At 1000 UTC today, Telefónica (Iker Martínez/ESP) led Groupama 4 (Franck Cammas/FRA) by 27 nautical miles (nm) in the final showdown of Leg 3 to Sanya. Both boats tacked shortly before 0900 UTC and are still upwind but on the layline for the finish, 274 nm ahead. Soon, as the wind shifts to the right, they will have fast reaching conditions ideally suited to both boats.
Although possible, it is unlikely that Groupama 4 will catch the leaders now unless the crew of Telefónica crew make a significant mistake or suffer gear damage. To gain 27 miles in 24 hours Groupama would need average around 1.5 knots faster from for the entire period. Overnight the French crew had a scare when, with a loud bang, the mainsheet parted while fully loaded. No one was hurt and 10 minutes later, the repair was complete, but precious miles had been lost.

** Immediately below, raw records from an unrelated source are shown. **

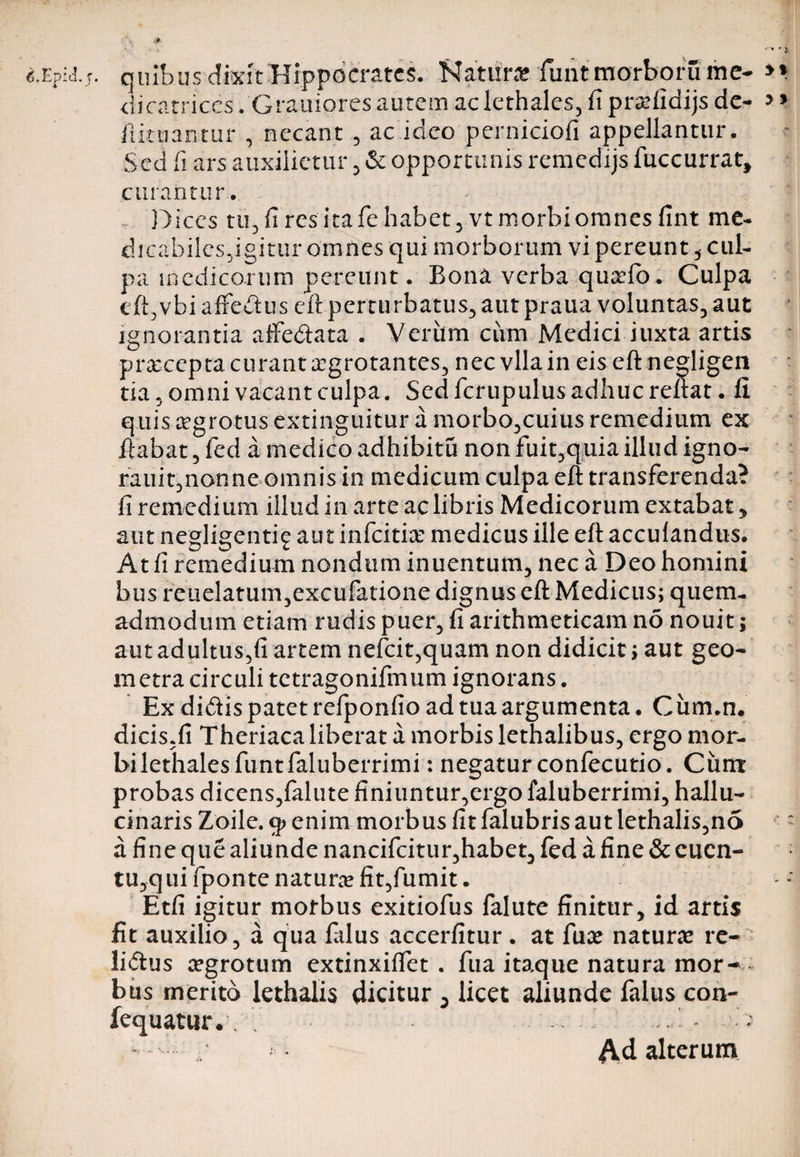 • , &amp; quibus dixit Hippocrates. Natur* funtmorborume- dicatr.iccs. Grauiores autem ac lethales, fi prxfidijs de- fiituantur , necant , ac ideo perniciofi appellantur. Sed fi ars auxilietur , &amp;; opportunis remedijs fuccurrat, curantur. Ibices tu, fi res ita fe habet 5 vt morbi omnes fint me¬ dicabiles,igitur omnes qui morborum vi pereunt, cul¬ pa medicorum pereunt. Bona verba quxfo. Culpa eft,vbi alfeitus eft perturbatus, aut praua voluntas, aut ignorantia affedata . Veriim ciim Medici iuxta artis prceceptacurantxgrotantes, nec vllain eis eft nesdigen tia, omni vacant culpa. Sed fcrupulus adhuc reflat, fi quis aegrotus extinguitur a morbo,cuius remedium ex liabat, fed a medico adhibitu non fuit,quia illud igno- rauit,nonne omnis in medicum culpa eft transferenda? fi remedium illud in arte ac libris Medicorum extabat, aut negligenti^ aut infeiti* medicus ille eft accufandus. At fi remedium nondum inuentum, nec a Deo homini bus reuelatum,excufatione dignus eft Medicus; quem¬ admodum etiam rudis puer, fi arithmeticam no nouit; aut adultus,fi artem nefcit,quam non didicit; aut geo¬ metra circuli tetragonifmum ignorans. Ex didis patet refponfio ad tua argumenta. Ciim.n. dicis.fi Theriaca liberat a morbis lethalibus, ergo mor- bilethalesfuntfaluberrimi: negatur confecutio. Cum probas dicens,falute finiuntur,ergo faluberrimi, hallu- cinaris Zoile. enim morbus fit falubris aut lethalis,no a fine que aliunde nancifcitur,habet, fed a fine &amp; cucn- tu,q ui fponte natur® fit,fumit. Etfi igitur morbus exitiofus falute finitur, id artis fit auxilio, a qua lalus accerfitur . at fu* natur* re- lidus xgrotum extinxiffet . fua itaque natura mor¬ bus merito lethalis dicitur , licet aliunde falus con- fequatur.. . . ' i.' - ; • - Ad alterum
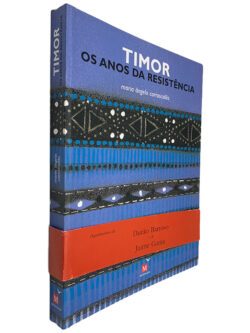 Timor os Anos da Resistência - Maria Ângela Carrascalão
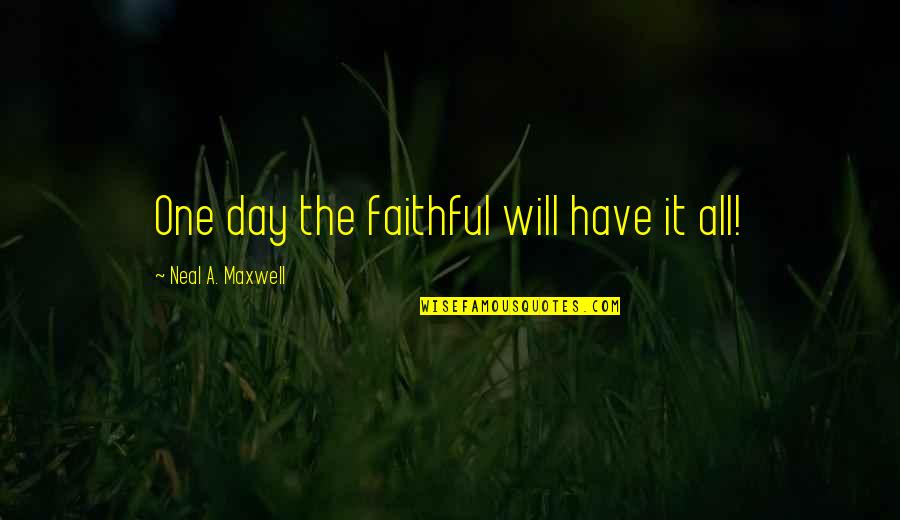 Progressiva Caseira Quotes By Neal A. Maxwell: One day the faithful will have it all!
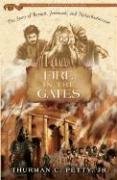 Beispielbild fr Fire in the Gates: The Story of Baruch, Jeremiah, and Nebuchadnezzar zum Verkauf von ThriftBooks-Dallas
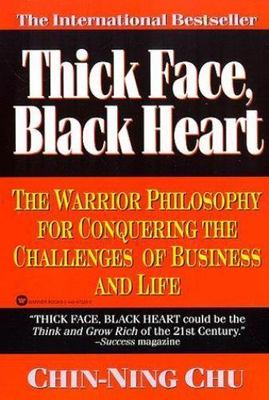 Thick Face, Black Heart: The Warrior Philosophy for Conquering the Challenges...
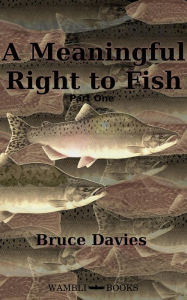 Title: A Meaningful Right to Fish Part One, Author: Bruce Davies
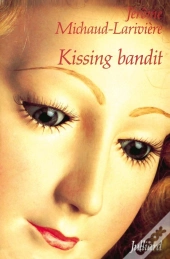 Kissing Bandit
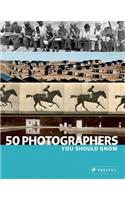 50 Photographers You Should Know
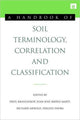 Book cover of: Handbook of Soil Terminology, Correlation and Classification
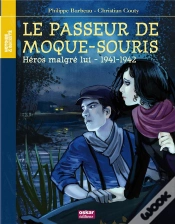 Capa do artigo Le Passeur De Moque-Souris ; Héros Malgré Lui - 1941-1942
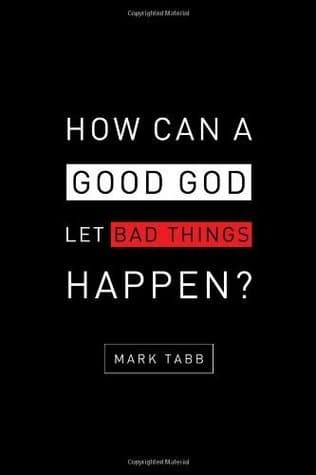 How Can a Good God Let Bad Things Happen? book cover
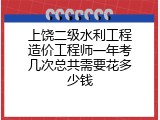 上饶二级水利工程造价工程师一年考几次总共需要花多少钱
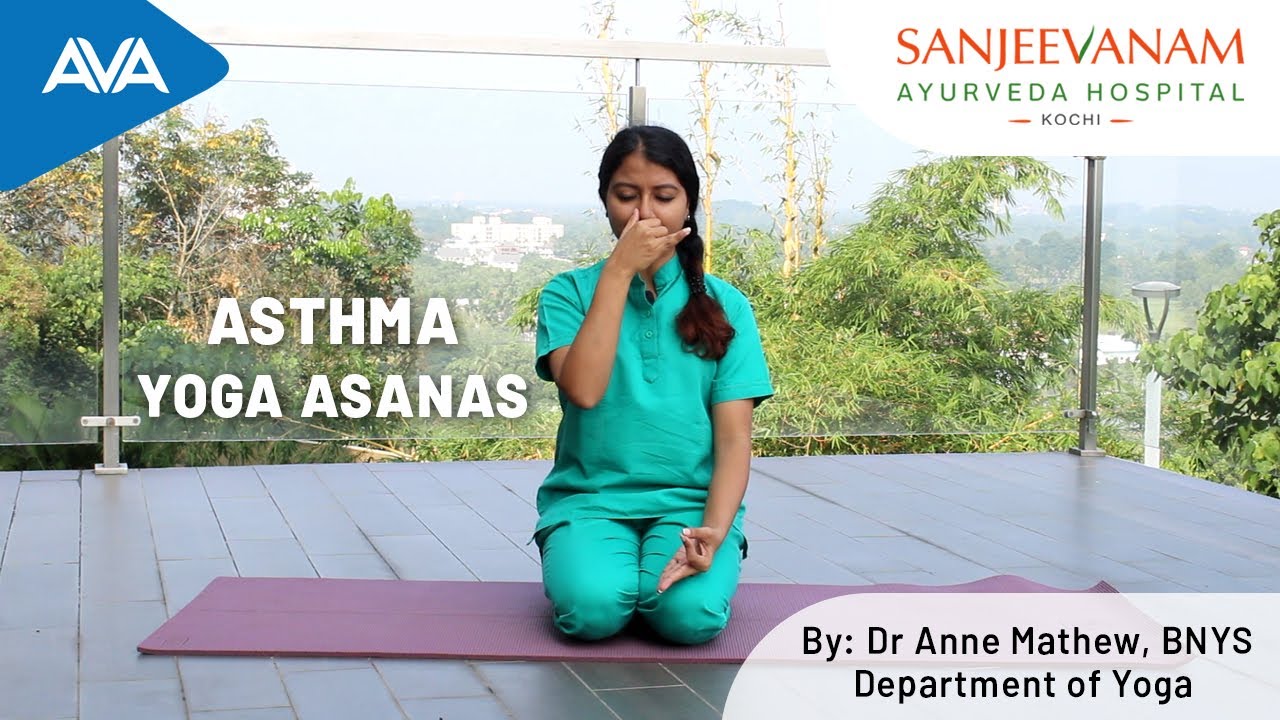 Effective Yoga Poses for Asthma | Sanjeevanam Ayurveda Hospital, Kochi, Kerala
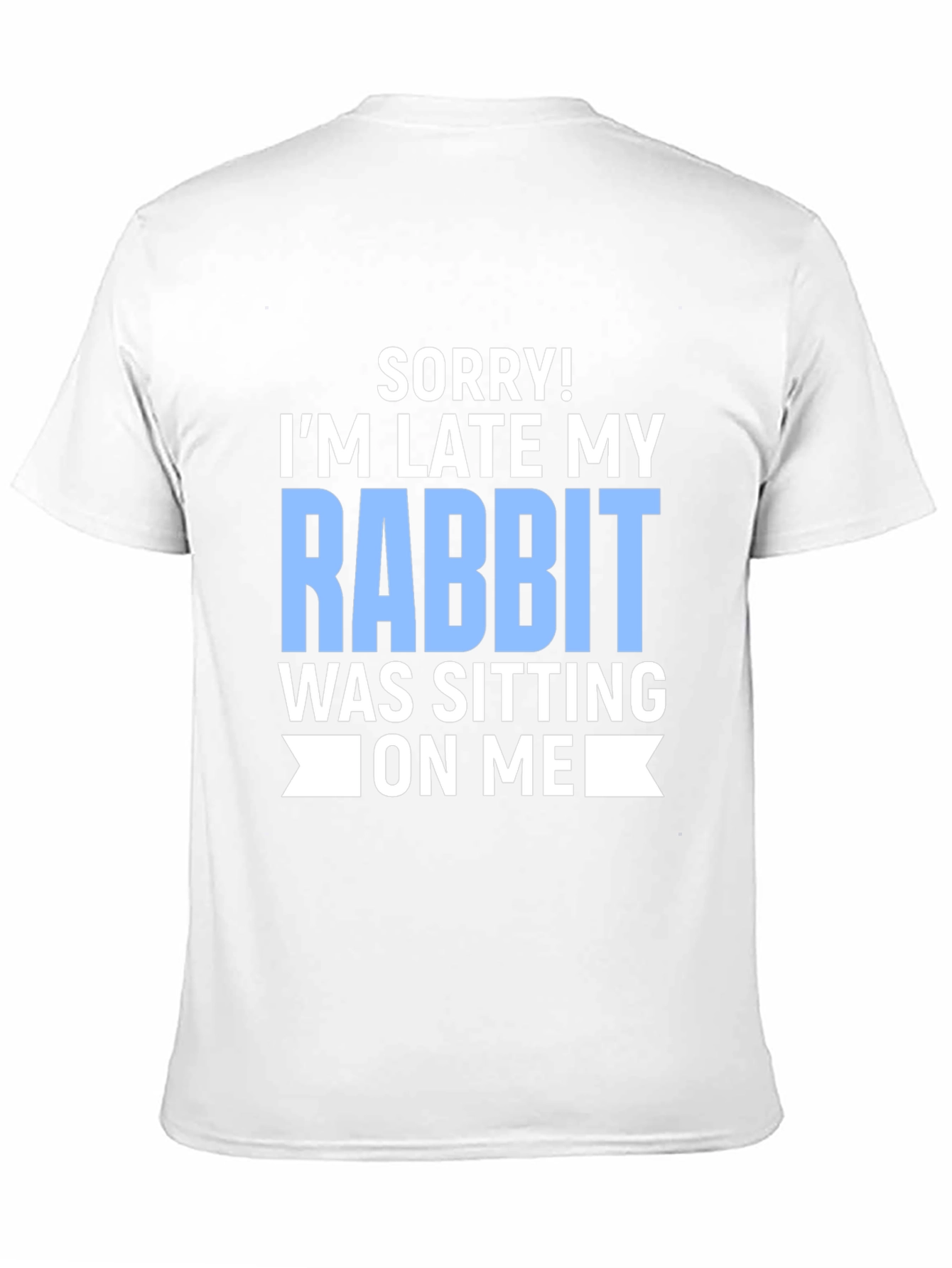 Funny Rabbit T-Shirt: Sorry Im Late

The main battle, playing out 46 nm further back, is between CAMPER with Emirates Team New Zealand (Chris Nicholson/AUS), Abu Dhabi Ocean Racing (Ian Walker/GBR) and PUMA’s Mar Mostro (Ken Read/USA). Although CAMPER currently hold third place, the boat’s reaching performance has not been sparkling in the past and both Walker and Read are hungry for a place on the podium.
Now out in the open sea, it was an immense relief for CAMPER’s navigator Will Oxley to tack away from the Vietnamese coast for the final time last night. “With poor quality charting, multitudes of unlit fishing vessels and miles of nets, not to mention shallow wrecks from the war, the potential for disaster was high,” he said.
Abu Dhabi nearly came to grief last night when they narrowly avoided large steel, unlit and uncharted pillar buoy. Missing it by just a metre, Walker said it didn’t bear thinking about the damage it could have caused to the boat. “I guess a miss is as big as a mile, but this incident served to remind us of some of the unknown risks that lie out here,” he said.
Team Sanya (Mike Sanderson/NZL) in sixth, still has this to face, as well as an area of wind averaging 28-30 knots. They will be expecting to make around 15 tacks over the next 24 hours in order to keep close in to the coast and avoid the worst of the sea state.
Across the entire six-boat fleet, the crews are red-eyed and exhausted from the constant tacking and restacking of gear, sleep deprivation and lack of food. The standby watch sleep with one eye open, fully clothed and ready for the call to action as soon as a sail change or manoeuvre is required.
The leading boats are expected to arrive in Sanya around mid morning local time (UTC+8). For the six teams, this leg can’t end soon enough.